The truth is, I don't yet know. I've been thinking about this for a long time and still haven't made up my mind about a few aspects of this complicated situation.
There is nothing remotey complicated about the situation, you and others like you are deliberatey trying to make it complicated for reasons known only to yourselves but in my opinion are rooted in misogyny and homophobia.
Everybody on this forum is certain. Dead certain. Xx Is female and Xy Is male. There is only this. There is no gender. Usage of a sexed space must rest entirely on the makeup of your blood: your chromosomes.
Spaces and some services are delineated on the basis of SEX for obvious and prefectly reasonable reasons - safeguarding being one reason - not on gender which is a concept that has more definitions than I have had hot dinners.
I find this reductive, naive and discriminatory.

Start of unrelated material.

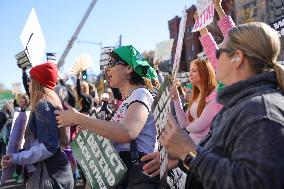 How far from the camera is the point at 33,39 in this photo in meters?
5.29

It forces people to use spaces designed for their sex at birth when they might have been identifying otherwise for decades. It might terribly humiliating not to mention risky, to walk into that space and be a target for bigots or macho drunk guys. But this, you say, is the price of your kind of absolutism. (The fact that it is someone else's price to pay, and not yours, is just by the by).
It is not in the least discriminatory, reductive or naive. Everybody is either one of the only two sexes there are in the human species. The law has been clarified that people of one sex should never have been using faciities and services for the other sex and nor should they ever have had any expectation of so doing. As said above those spaces are provided on the basis of sex not identity.
You don't think it is humilating or risky for women and girls to be expected/forced to undress in front of men or boys when they do not want to? You don't think women and girls have the right to consent whom they remove their clothes in front of or who they toilet alongside?
Women and girls have already paid a high price due to single sex spaces and services being in breach of the law.
Many transwomen already access the male single sex services and are happy to report absolutely zero problems doing so and there are absolutey NO reports anywhere (and believe me I have searched extensively) of transwomen being at any risk or being attacked using the services that correspond to their sex.
While I'm sure of all this, I'm not sure how it should work if somebody identifies as trans and feels trans but hadn't made any changes to their outward appearance or biology. Can it pave the way for a mass invasion of women's spaces? I doubt it but I am not as sure as you all seem to be about your position. You put all trans people together; I suspect there might be different rights of access and usage but I know I'm setting myself up for a virtual bloodbath here.
How? How would this work? The simplest solution is the solution that has always been the case that where spaces and services are required to be segregated on the basis of sex they are with no exceptions. Should trans people feel unable to access the spaces and services for their sex the onus is on them to campaign for alternative, additional provision.
Trans women competing with born-women in sport? Another thing I'm still trying to learn about so I can form a meaningful opinion. Not there yet. My daughter was regularly beaten by a trans girl when they were little: I didn't love it and interestingly, nor did the mother particularly. There's that. Unlike most on here, I am not an absolutist and I don't think this is simple.
Both you and the mother of the trans girl clearly weren't that bothered or you would have done something about it. What a lesson to teach your daughter that they are not entitled to fairness and their mother won't fight for it on her behalf, that your daughter must place herself second to the feelings and desires of the male sex. Fabulous.